In Praise of Value at Risk, Part I

VaR can misbehave,
Hiding dragons in the tail.
Many views reveal.

Propose value at risk (VaR) as a risk measure and you are the fool in the room. Peers roll their eyes and whisper behind your back “Don’t they know…not sub-additive?” Instinctively we reach for tail value at risk (tVaR) confident in its well-named coherence—would a rose risk measure smell as sweet? Non-actuaries have fewer qualms: VaR is alive and well in capital models from Solvency II, A. M. Best (both original and revised capital adequacy ratio) and Standard and Poor’s. The Swiss Solvency Test is an exception, using coherent tVaR.

This month’s Explorations column will begin to explore three questions:

  • When does VaR fail to be sub-additive in real applications? That is, when is the VaR of a sum greater than the sum of the VaRs?
  • How significant is its failure?
  • Is tVaR the only good alternative or are there others?

Insurance is based on diversification and sub-additivity expresses that a risk measure respects diversification: the risk of a sum is less than the sum of the risk of the parts. “Less risky” can be measured in a number of ways, broadly classified into location, dispersion and tail measures.

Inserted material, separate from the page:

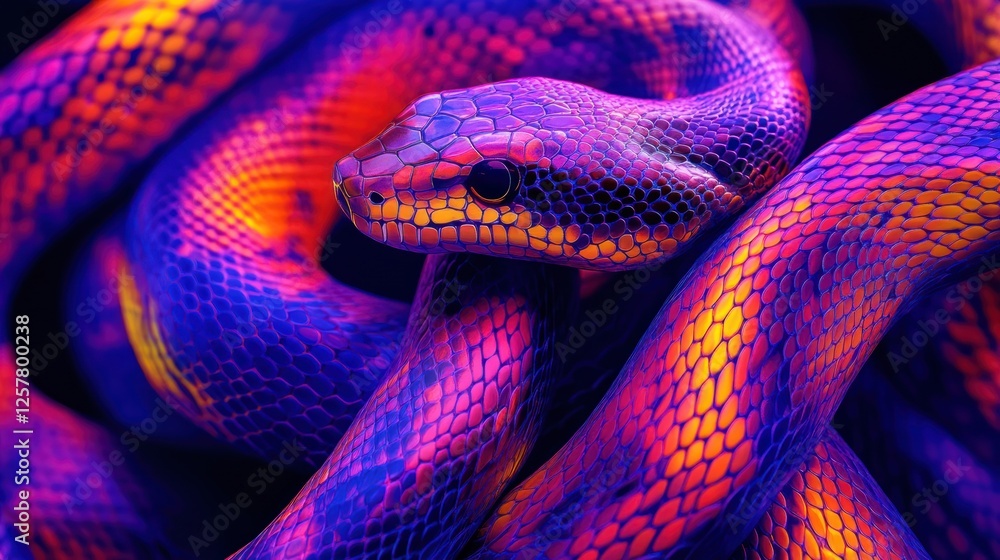 Fototapeta premium Vibrant Neon Snake Closeup Photography: A Mystical Reptile with Iridescent Scales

Insurers are often regulated and internally managed based on tail risk measures, which motivates our interest in VaR.

Our experience with “tame” loss distributions and normal random variables leads us to expect that VaR should be sub-additive, and indeed this is the case for the family of elliptically contoured distributions that greatly generalizes the multivariate normal. But it is not always the case.

How can a portfolio possibly be more risky than the sum of its parts? A well-known risk management text (McNeil, Embrechts, and Frey 2005) lists three ways VaR can fail to be sub-additive:

  1. When the dependence structure is of a special, highly asymmetric form.
  2. When the marginals have a very skewed distribution.
  3. When the marginals are very heavy-tailed.

Case 1 is a circus trick: spectacular and alarming, but generally not a dragon. It can be controlled using tVaR, but also, as our opening Haiku suggests, by using many views, i.e. considering VaR at several different return periods. It is, however, a very instructive trick to learn and an ever-present possibility.

Case 2 is where the dragons live. Dire consequences can follow if they pass unnoticed and the potential skewness of the marginals is ignored. Again, the risk can be controlled using tVaR or using many views.

Case 3 is where the really big dragons live. There is a complete breakdown of diversification: I don’t want to pool risk because I want to minimize the number of samples I draw. Glyn Holton offered a great mental picture: you have a choice of drinking from several wells but one of them is poisoned. You clearly won’t “diversify” your risk by mixing water from all the wells—you’ll try one and if you survive you’ll stick with it. For very thick tailed distributions tVaR is of no use: the distributions involved do not have a mean and therefore tVaR is not defined. However, many views will still ring alarm bells.

In this month’s article we will explore Case 1 in more detail. Subsequent articles will consider the other two cases.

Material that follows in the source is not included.